More and more applications (software) are residing in the cloud. In the past, these applications were often viewed as black boxes. This means the end user sees an interface but has little insight into the processing that goes on within them. But that approach has been changing over the last several years. End users now want – or need – to have more control over their data. They must now be able to reach and pull data from the cloud.
Pulling Data From of the Cloud
At first, data stored in a remote application was provided to end users via a file, generally a CSV (comma separated value). The file could be easily imported into a data structure at the end user’s institution and used for additional reporting. This practice remains in frequent use today.
Another, more modern, method of retrieving data from a remote application is to use an interface provided by the vendor. This action tends to be more automated, as the interface is generally based on a RESTful API (meaning the API responds to calls from the end user).

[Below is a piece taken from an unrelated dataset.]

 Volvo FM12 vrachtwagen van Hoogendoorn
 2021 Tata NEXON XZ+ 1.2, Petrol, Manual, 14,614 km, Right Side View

The data surrounding a cloud application needs to be treated the same as the data surrounding any on-premise application. The data needs to be characterized, defined and the frequency of updates noted.
The characterization of the data going into a cloud application is important. This is the data it will use to execute its function. So, the format and type of data fields are important to know, both for the data entry process and as knowledge of what to expect for the output. The completeness of the data entry is important. A process ensuring that the data is complete and correct during input is vital to the success of the remote application.
The data coming out of the application needs to be characterized as well. There may be differences in date formats, number formats, string output formats, etc. Those differences need to be known so that appropriate measures can be taken to use the data correctly during reporting.
While the different characteristics of data going into and coming out of a cloud application are important to know, the actual definition of the data fields is important as well. If there’s confusion or disagreement about the data going into an application, then there almost certainly will be disagreement with any report-based conclusions. The data fields used for input to the cloud application must be defined.
An example such definition can be made regarding a budgeting application. What initial budget number or numbers should be loaded? There’s the original budget, the adjusted budget, and the adopted budget. If all parties understand which budget is being loaded, then the results can be clearly discussed and there is less chance of misinterpreting the data. Such definitions are the responsibility of the data owner and should be part of the data governance term definitions.
Frequency of Update
The data update frequency is a value that also needs to be known. This is how often the data changes or is updated. If a department is relying on cloud data for reporting, it needs to know when that data was or will be updated. If it knows the data is updated weekly, then that department can plan its reports accordingly – ensuring those reports contain the most up-to-date information.
In the Cloud, but Not Floating in Isolation
One last element to consider when working with cloud data is its linkage to other data used for reporting. Though it’s “in the cloud,” it isn’t isolated from the other applications (cloud or on-premise) that are also used to gather reporting data. That’s another reason why characterization, definition, and frequency of updates are important.
You may need to combine student data from two different applications. Not only do these applications need to have a uniquely identifying value, such as student ID, to tie them together, but any matching or related data must be up to date and based off the same data characterizations and definitions.
Using cloud-based data is the future for many institutions, if it isn’t already here. Even though the data source now resides in the cloud, its data should not be treated any differently than that of an on-premise source. That means your cloud data must still be characterized, defined, and the frequency of its updates noted. Doing so will lead to more accurate, consistent, and trusted reports.